National Leader Simon Bridges has issued the Government with an ultimatum over its support of the new terrorism bill: meet with National to discuss its demands or the party will entirely pull its support for the proposed law.
If Justice Minister Andrew Little – who is in charge of the legislation – ignores Bridges' challenge, the bill will fail.
Yesterday, Bridges said National would support the first reading of the bill – which aims to de-radicalise New Zealanders returning from overseas – through the first reading.
But National want a number of changes, including reducing the age limit of those who would be targeted by law from 18 to 14.
Bridges would not say if proposed changes were a bottom line for National supporting the bill in its second and third reading.
Without National's support, the bill would not become law as the Greens have committed to voting against it.
Greens foreign affairs spokeswoman Golriz Ghahraman said the bill has the implication of catching people who are not terrorists and was "dog-whistling" the old war-on-terror language.
In a statement this morning, Bridges upped the ante.
"Andrew Little needs to commit to a meeting with National next week and show that he will work with us in good faith and in the interest of National Security, or we will pull our support before first reading."
Little yesterday rubbished National's proposed changes and said they were "a bit silly".

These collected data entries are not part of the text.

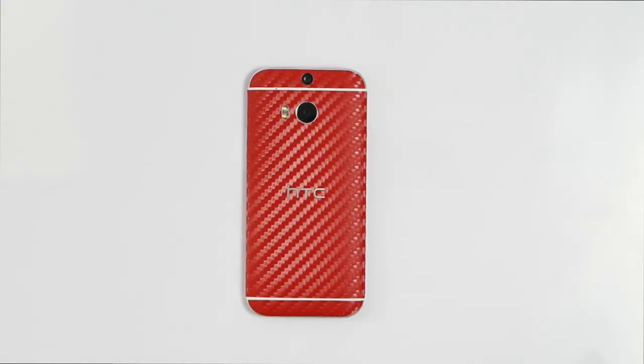Weston here with Slickwraps.com. Hey guys, I'm super excited to be here with you today to showcase a brand new HTC One M8. This is wrapped in our beautiful Slickwraps red carbon fiber. Let's go ahead and dive in and take a look.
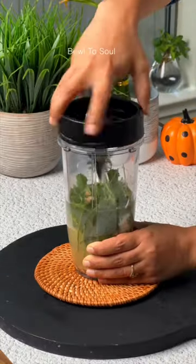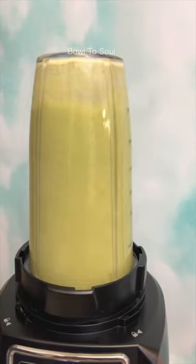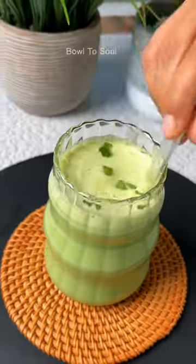Now go ahead and add chilled water and blend everything smooth, and there you have your healthy and refreshing summer drink which is so delicious.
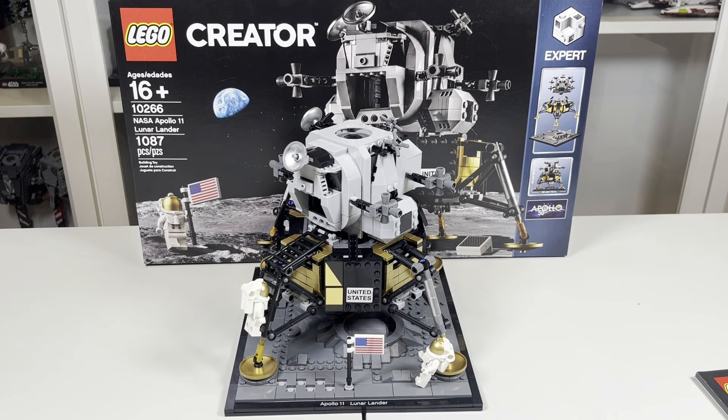Hello there! This is LEGO Dynasty, and today I'm going to give you guys my review of the LEGO Creator NASA Apollo 11 Lunar Lander. It is set number 10266, comes with 1,087 pieces, and is rated ages 16 and up.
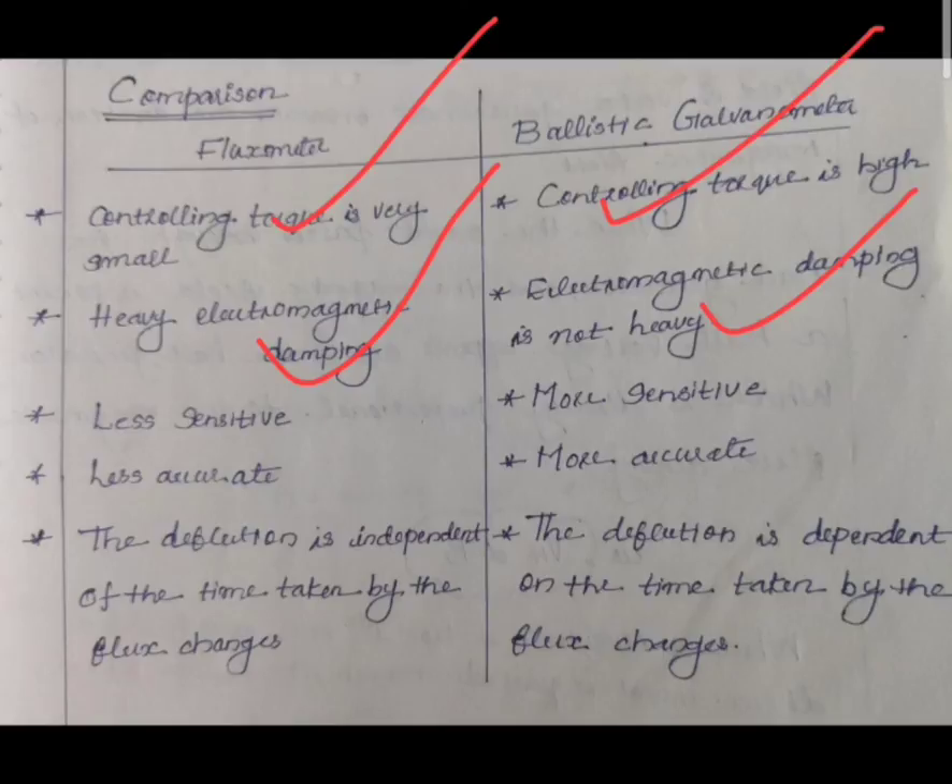The flux meter is less sensitive compared to the ballistic galvanometer, which is more sensitive. The flux meter is also less accurate. In the flux meter, the deflection is independent of the time taken by the flux changes, but in the ballistic galvanometer, the deflection is dependent on the time taken by the flux changes.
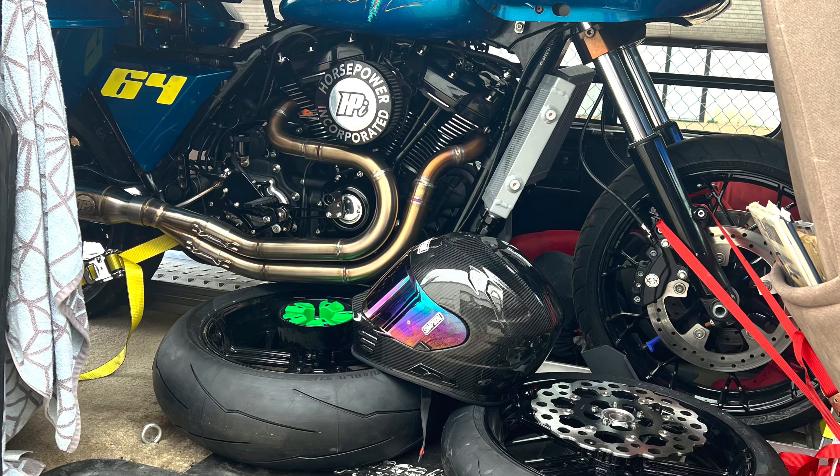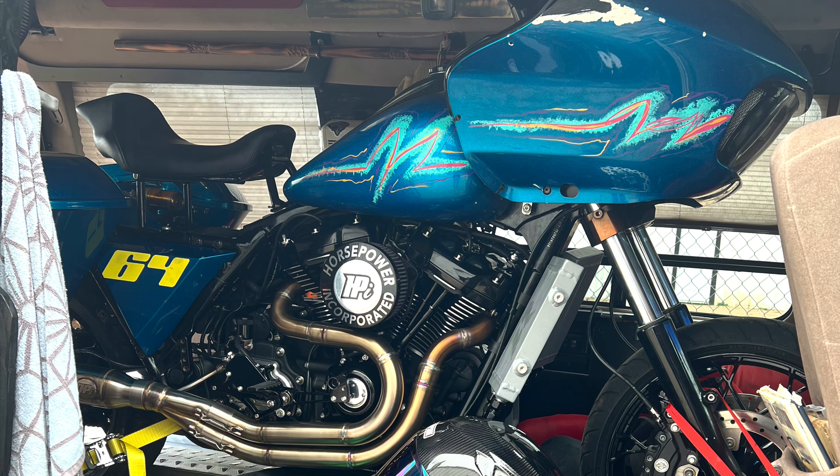We got the bike in the van — I didn't think it was going to fit, I was totally planning on having a trailer. We are on our way to BRL right now. We went from Texas all the way up to Indianapolis, went to Horsepower Inc, and had the bike dyno tuned.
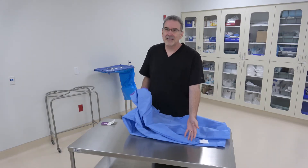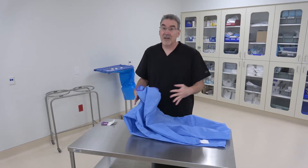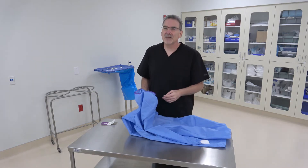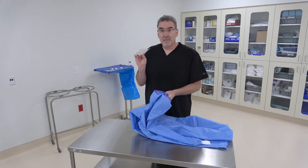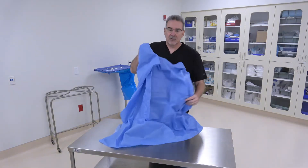Make sure you have a nice big table. I've got a back table here, which is probably the smallest size table we want to work with — a bigger table will be even easier. Also make sure you have your tag, your card, to make sure that the ties go on properly.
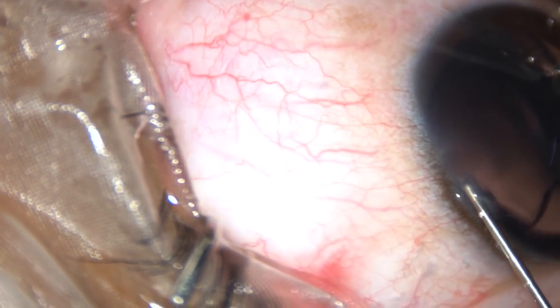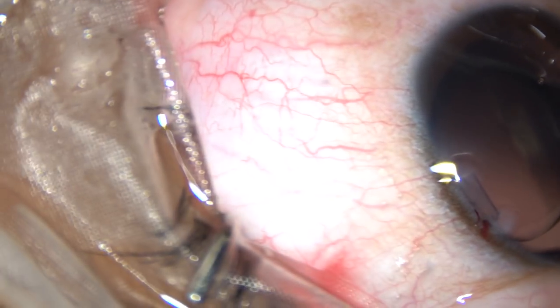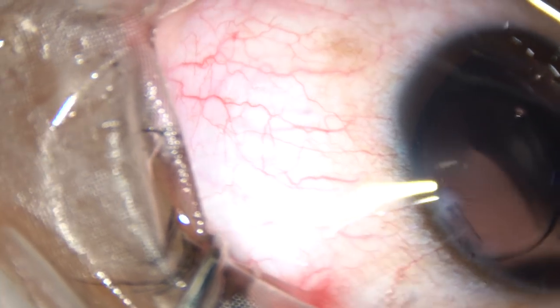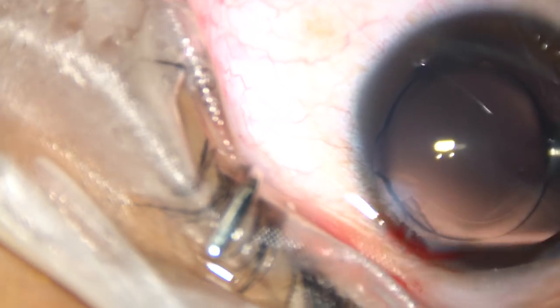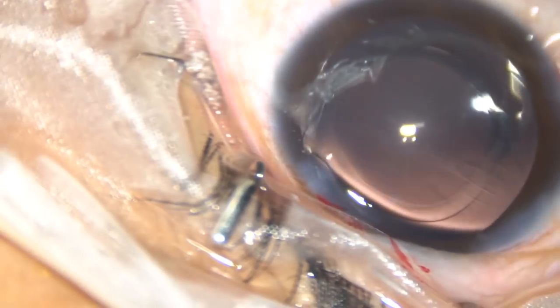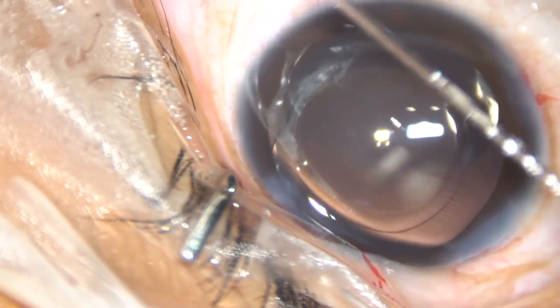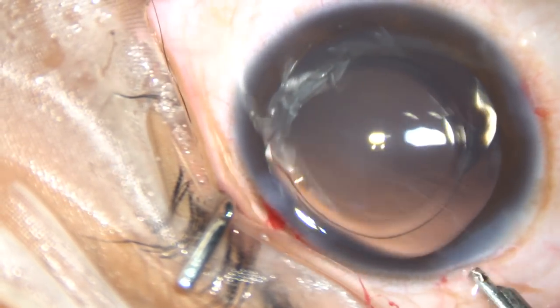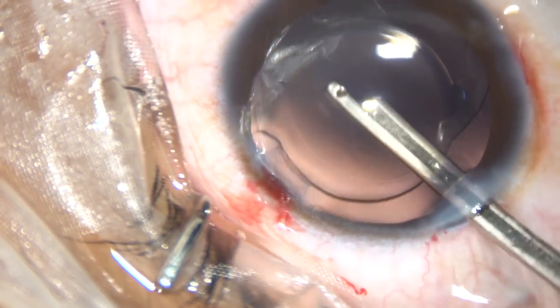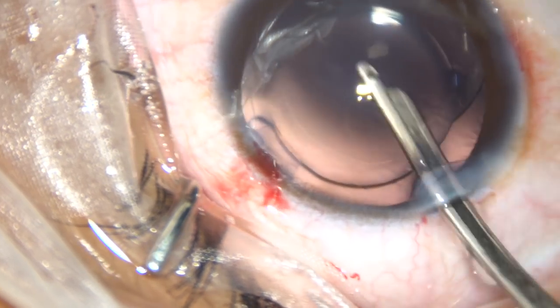You can see the left side port is large because the eyeball turned sharply. Now this is the final lavage of the anterior chamber. The anterior chamber is irrigated thoroughly, the anterior chamber is formed nicely, and the case is concluded.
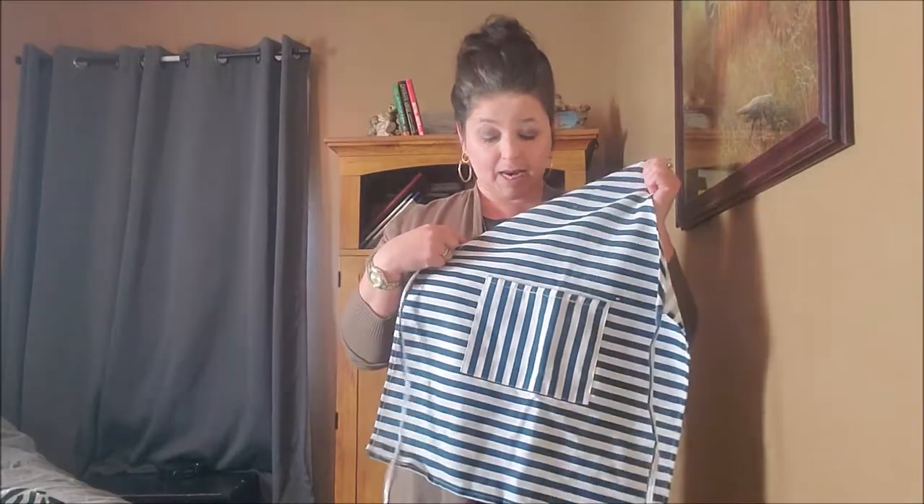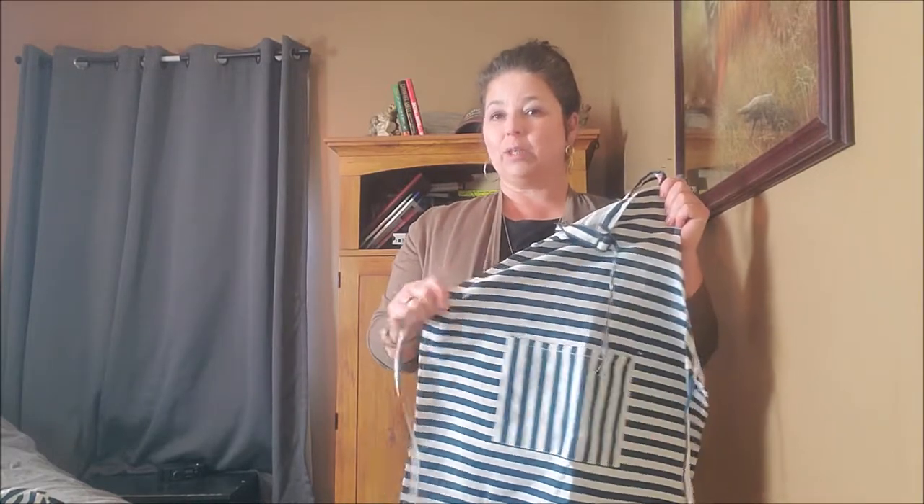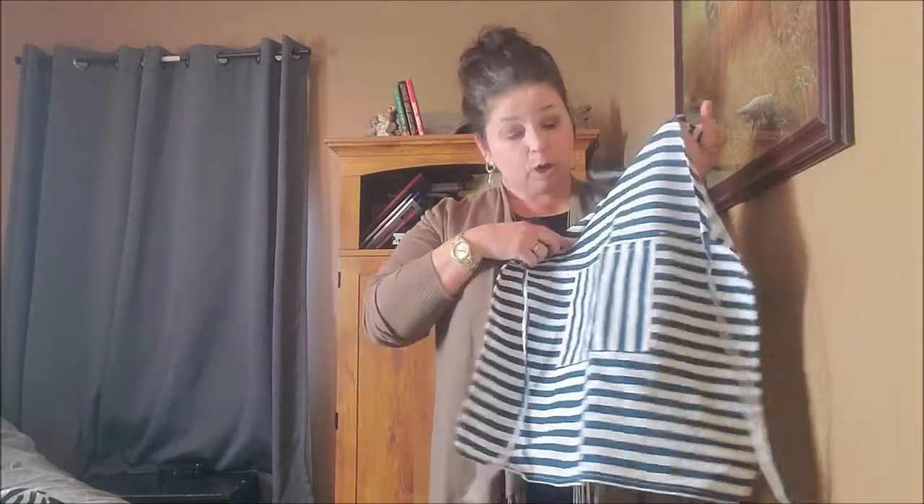Just because this one is blue and white striped doesn't mean you have to get that color — Dapper and Doll has many different colors, especially solid colors like white, pink, green, blue, and red. What makes these so neat is that your child can bedazzle or design their own apron — put puff paint with their name on it, add jewels or beads, even finger paint. So so cool — that's why I love these aprons.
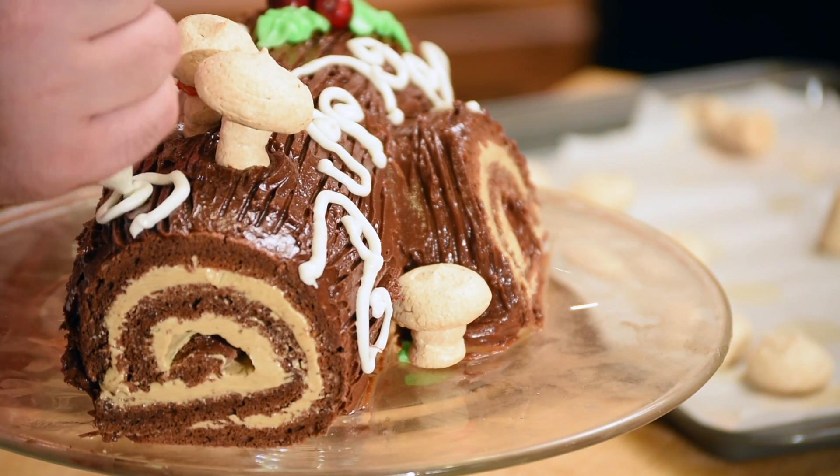You want four ounces of bittersweet chocolate — I'm using 60% cocoa — melted and cooled. Mine isn't dripping but it is nicely cooled and still moldable. To that you want to make a ganache: just add two tablespoons of oil and a little bit of vanilla. As long as that's melted, you're perfect. That's all you need — this is the whole cake right here.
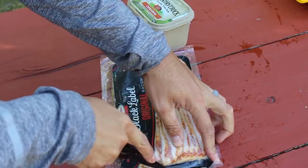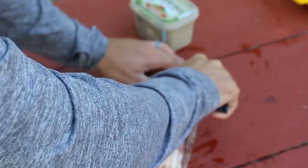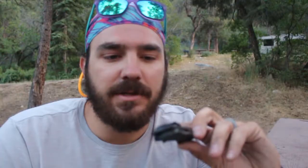Haven't had any issues with it binding up when I'm trying to spring load it out. Very light, compacted, sharp, durable, and it's easy to clean. That's probably my favorite thing about it — it's easy to clean and get into.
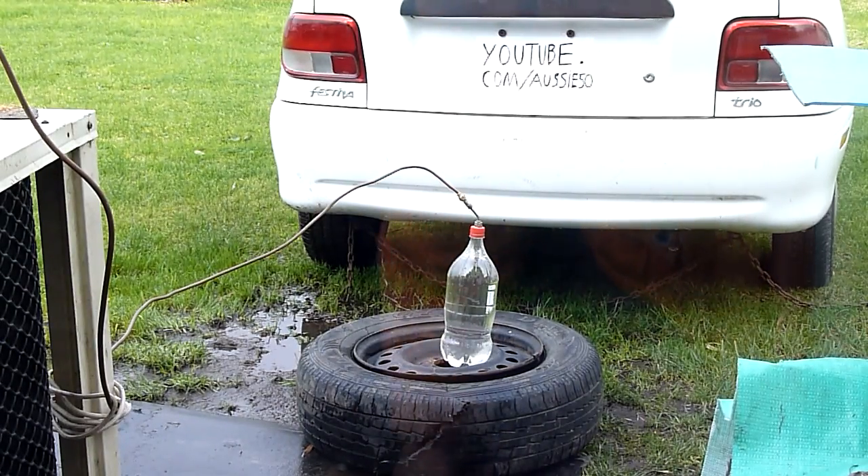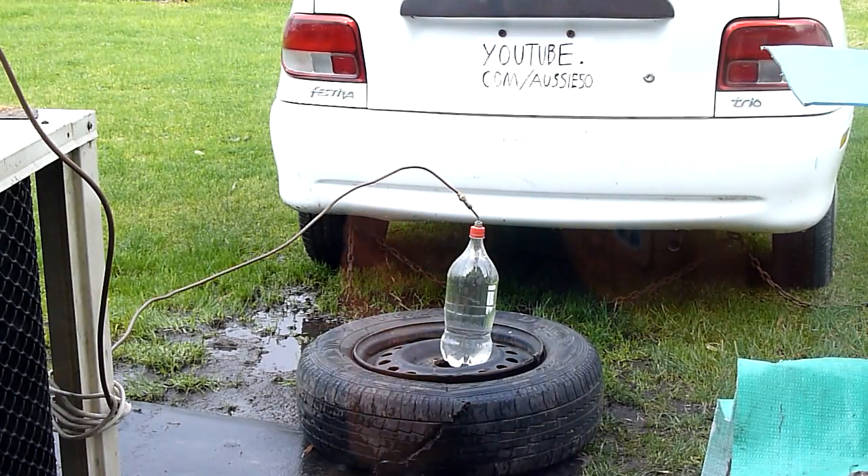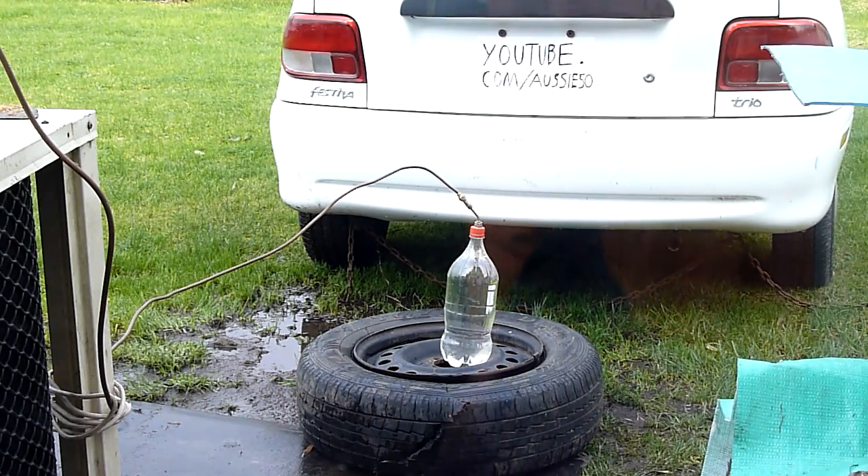All right, before I put the pump away let's try one last thing. Found another empty 2L, so let's give it a shot. Actually, the last two were 1.25L so this is a bit bigger — should be a bit of fun.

Speaking to RNZ this morning, he attacked National and its proposed changes to the bill.
"What I don't want to see happening is when we take practical, reasonable measures to protect the safety of the New Zealand community, that we don't get into some crude, mindless bidding war with the National Party who just want to show, for some reason, that they are somehow hairier chested than us – that is not a useful debate to have."
But Bridges claimed National's proposed changes to the bill are about keeping New Zealanders safe.
"Andrew Little being so quick to dismiss [the proposed changes] without even meeting with us is arrogant and could put lives at risk."
Given the Greens won't support the bill, Bridges said that Little needed to re-write it so it represents the wider Parliament.